I have a long commute. One way that I pass the time is—obviously—by catching up with my Dungeon Mastering or D&D character work. The other thing that I do a lot is read. Last week I read three books. My favorite was Mother of Lies by David Duncan.
Storyteller’s Playbook Official Book Review: Mother of Lies by David Duncan
David Duncan is one of my favorite pulp fantasy authors. His stuff is consistently tight, well-plotted fiction, and for that reason it rarely disappoints. Lies is the second of a two-book set begun with Children of Chaos, a book which for some reason the Sci Fi Channel picked as an “essential read.” Whatever that means. I suppose it’s a marketing gimmick, and if so then it was successful in the sense that I got the book and read it. ‘Course I got it from my local library, so no money changed hands. But still…
Anyway, the first book, Children of Chaos, follows the three sons and one daughter of the doge of the fabled city of Celebre after their home city’s conquest by evil invaders from hated Vigelia. The children, then aged 2 to 11, are taken as hostages for their father’s good behavior, and wackiness ensues when the children either fall victim to the machinations of their Machiavellian captors or come under the influence of one or another of their home world’s dark, scheming deities. Mother of Lies is thus a sequel book, picking up with the children once again united and on their way home to meet their respective destinies.
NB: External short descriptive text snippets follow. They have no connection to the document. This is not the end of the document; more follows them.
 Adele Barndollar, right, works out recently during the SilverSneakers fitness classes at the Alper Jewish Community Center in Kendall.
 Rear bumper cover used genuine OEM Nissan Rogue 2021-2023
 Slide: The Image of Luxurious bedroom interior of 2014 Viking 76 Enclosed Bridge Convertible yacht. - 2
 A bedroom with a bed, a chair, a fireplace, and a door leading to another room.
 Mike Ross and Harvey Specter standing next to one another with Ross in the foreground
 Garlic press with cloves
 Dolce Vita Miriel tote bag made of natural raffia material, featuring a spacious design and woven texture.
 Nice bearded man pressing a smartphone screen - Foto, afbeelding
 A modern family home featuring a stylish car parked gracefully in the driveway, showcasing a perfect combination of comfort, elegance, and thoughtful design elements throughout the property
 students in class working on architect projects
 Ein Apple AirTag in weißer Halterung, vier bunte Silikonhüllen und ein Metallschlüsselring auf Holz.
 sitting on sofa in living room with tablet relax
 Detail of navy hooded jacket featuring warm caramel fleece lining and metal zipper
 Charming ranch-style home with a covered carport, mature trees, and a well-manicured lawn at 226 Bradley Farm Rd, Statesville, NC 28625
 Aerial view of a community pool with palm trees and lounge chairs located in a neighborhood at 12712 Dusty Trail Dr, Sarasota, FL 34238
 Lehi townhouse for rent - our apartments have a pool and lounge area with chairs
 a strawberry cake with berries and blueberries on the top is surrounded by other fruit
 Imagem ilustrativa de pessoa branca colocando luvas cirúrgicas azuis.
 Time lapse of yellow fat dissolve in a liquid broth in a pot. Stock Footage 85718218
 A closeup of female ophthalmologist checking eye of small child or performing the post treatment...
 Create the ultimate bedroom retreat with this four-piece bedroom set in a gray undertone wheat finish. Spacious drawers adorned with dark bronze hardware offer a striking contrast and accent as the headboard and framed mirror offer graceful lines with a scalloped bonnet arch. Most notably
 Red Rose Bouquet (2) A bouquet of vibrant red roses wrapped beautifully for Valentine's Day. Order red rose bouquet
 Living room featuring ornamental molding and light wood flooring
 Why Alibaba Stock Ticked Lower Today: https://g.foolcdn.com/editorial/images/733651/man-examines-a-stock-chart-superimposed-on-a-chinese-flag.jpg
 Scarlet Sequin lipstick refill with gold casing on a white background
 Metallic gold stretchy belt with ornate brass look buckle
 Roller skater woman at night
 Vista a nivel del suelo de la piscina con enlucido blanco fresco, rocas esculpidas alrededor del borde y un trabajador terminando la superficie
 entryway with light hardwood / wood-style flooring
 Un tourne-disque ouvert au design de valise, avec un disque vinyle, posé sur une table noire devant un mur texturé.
I generally don’t like end-of-the-world-type fiction, especially when it involves overt manipulation by the gods and/or the hands of Destiny, but in this case I’ll make an exception. In Lies, Duncan takes care to establish a balanced pantheon that’s active in the world without ever becoming overt or less mysterious for their involvement—rather, I think, like the ancient Greeks would have viewed their gods’ influence on the world. Where the Greeks saw their gods in forces of nature that were beyond their understanding, the inhabitants of Dodec, Duncan’s fantasy world, have a more personal interaction, an interaction that’s all the more mysterious for its power and its inherent lack of guidance. The other thing that works in the series’ favor is the fact that Duncan lets the plot go completely away with him. Mad-capped twists and turns abound in these books though the story is still miraculously readable and the interactions and motivations clear and concise at all points. No mean feat there. A lesser author would have lost his way in all that labyrinthine plotting. However, in this case the whole two-book Dodec series clocks in at not much more than 600-pages, so bottom line, you could fit almost three of these books into any one novel out of the Wheel of Time and see about quintuple the action!